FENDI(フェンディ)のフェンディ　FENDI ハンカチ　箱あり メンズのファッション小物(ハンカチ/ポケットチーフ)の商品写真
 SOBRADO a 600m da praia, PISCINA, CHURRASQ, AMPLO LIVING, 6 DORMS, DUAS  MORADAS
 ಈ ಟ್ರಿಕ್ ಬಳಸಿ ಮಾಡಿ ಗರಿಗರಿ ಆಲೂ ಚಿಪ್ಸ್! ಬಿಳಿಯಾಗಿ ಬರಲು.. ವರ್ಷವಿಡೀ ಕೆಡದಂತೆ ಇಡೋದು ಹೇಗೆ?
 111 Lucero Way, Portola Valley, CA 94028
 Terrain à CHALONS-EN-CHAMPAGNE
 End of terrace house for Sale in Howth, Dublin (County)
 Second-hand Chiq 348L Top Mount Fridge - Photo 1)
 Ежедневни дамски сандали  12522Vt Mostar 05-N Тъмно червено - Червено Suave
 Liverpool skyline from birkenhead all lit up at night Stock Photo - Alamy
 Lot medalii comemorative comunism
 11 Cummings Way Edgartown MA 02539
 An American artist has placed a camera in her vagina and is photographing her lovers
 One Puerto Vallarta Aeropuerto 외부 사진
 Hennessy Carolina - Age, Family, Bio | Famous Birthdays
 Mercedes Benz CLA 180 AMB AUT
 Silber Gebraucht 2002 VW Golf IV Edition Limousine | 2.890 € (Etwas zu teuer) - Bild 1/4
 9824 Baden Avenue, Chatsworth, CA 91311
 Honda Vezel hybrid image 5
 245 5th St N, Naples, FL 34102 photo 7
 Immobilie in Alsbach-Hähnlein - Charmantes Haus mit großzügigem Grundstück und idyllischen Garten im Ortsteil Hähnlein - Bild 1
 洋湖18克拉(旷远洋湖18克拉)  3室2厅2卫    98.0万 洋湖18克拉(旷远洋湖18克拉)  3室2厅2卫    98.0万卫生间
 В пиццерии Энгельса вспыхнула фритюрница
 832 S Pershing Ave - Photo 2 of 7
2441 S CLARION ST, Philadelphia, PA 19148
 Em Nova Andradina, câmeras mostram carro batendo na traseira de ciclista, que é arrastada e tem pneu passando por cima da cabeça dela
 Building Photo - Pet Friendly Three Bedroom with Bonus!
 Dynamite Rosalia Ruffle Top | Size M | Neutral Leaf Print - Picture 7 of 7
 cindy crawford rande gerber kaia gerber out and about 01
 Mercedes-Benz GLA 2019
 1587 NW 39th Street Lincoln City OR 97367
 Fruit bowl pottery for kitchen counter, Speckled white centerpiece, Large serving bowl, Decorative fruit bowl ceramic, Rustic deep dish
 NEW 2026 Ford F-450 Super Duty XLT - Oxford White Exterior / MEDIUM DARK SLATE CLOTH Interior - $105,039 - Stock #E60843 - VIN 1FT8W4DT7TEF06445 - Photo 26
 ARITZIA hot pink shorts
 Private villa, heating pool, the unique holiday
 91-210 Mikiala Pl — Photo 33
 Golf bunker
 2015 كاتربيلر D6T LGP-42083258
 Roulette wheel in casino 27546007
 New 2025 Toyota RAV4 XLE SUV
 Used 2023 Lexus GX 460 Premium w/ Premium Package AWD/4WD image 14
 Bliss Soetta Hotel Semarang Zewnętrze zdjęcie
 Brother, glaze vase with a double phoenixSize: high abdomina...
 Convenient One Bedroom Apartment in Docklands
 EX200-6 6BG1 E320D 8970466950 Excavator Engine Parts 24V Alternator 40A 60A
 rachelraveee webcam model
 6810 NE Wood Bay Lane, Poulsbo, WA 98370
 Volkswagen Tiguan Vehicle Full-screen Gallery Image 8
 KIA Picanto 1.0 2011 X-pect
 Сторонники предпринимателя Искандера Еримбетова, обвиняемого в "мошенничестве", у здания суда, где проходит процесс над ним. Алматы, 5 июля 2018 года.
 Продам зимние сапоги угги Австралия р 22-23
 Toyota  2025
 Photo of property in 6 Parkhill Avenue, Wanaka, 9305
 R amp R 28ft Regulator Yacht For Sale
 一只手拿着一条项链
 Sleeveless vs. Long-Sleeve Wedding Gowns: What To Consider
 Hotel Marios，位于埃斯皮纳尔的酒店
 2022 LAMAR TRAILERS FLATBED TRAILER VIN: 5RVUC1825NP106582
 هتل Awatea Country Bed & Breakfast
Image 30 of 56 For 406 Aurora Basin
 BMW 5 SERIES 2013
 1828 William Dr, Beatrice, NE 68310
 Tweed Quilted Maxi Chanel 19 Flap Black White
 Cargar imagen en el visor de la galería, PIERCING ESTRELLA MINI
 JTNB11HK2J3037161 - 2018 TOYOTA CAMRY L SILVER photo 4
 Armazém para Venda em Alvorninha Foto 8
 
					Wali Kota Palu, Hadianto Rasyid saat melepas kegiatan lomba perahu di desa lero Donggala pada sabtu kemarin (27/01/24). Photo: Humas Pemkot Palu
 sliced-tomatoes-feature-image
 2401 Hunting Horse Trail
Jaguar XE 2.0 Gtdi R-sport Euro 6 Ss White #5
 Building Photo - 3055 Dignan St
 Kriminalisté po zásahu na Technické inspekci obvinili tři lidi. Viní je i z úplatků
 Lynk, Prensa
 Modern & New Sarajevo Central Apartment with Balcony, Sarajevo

--------------------

Work task - Return, without any change, only the lines from the one containing "JTNB11HK2J3037161 - 2018" through the last line of the entries above.

Solved exercise -
 JTNB11HK2J3037161 - 2018 TOYOTA CAMRY L SILVER photo 4
 Armazém para Venda em Alvorninha Foto 8
 
					Wali Kota Palu, Hadianto Rasyid saat melepas kegiatan lomba perahu di desa lero Donggala pada sabtu kemarin (27/01/24). Photo: Humas Pemkot Palu
 sliced-tomatoes-feature-image
 2401 Hunting Horse Trail
Jaguar XE 2.0 Gtdi R-sport Euro 6 Ss White #5
 Building Photo - 3055 Dignan St
 Kriminalisté po zásahu na Technické inspekci obvinili tři lidi. Viní je i z úplatků
 Lynk, Prensa
 Modern & New Sarajevo Central Apartment with Balcony, Sarajevo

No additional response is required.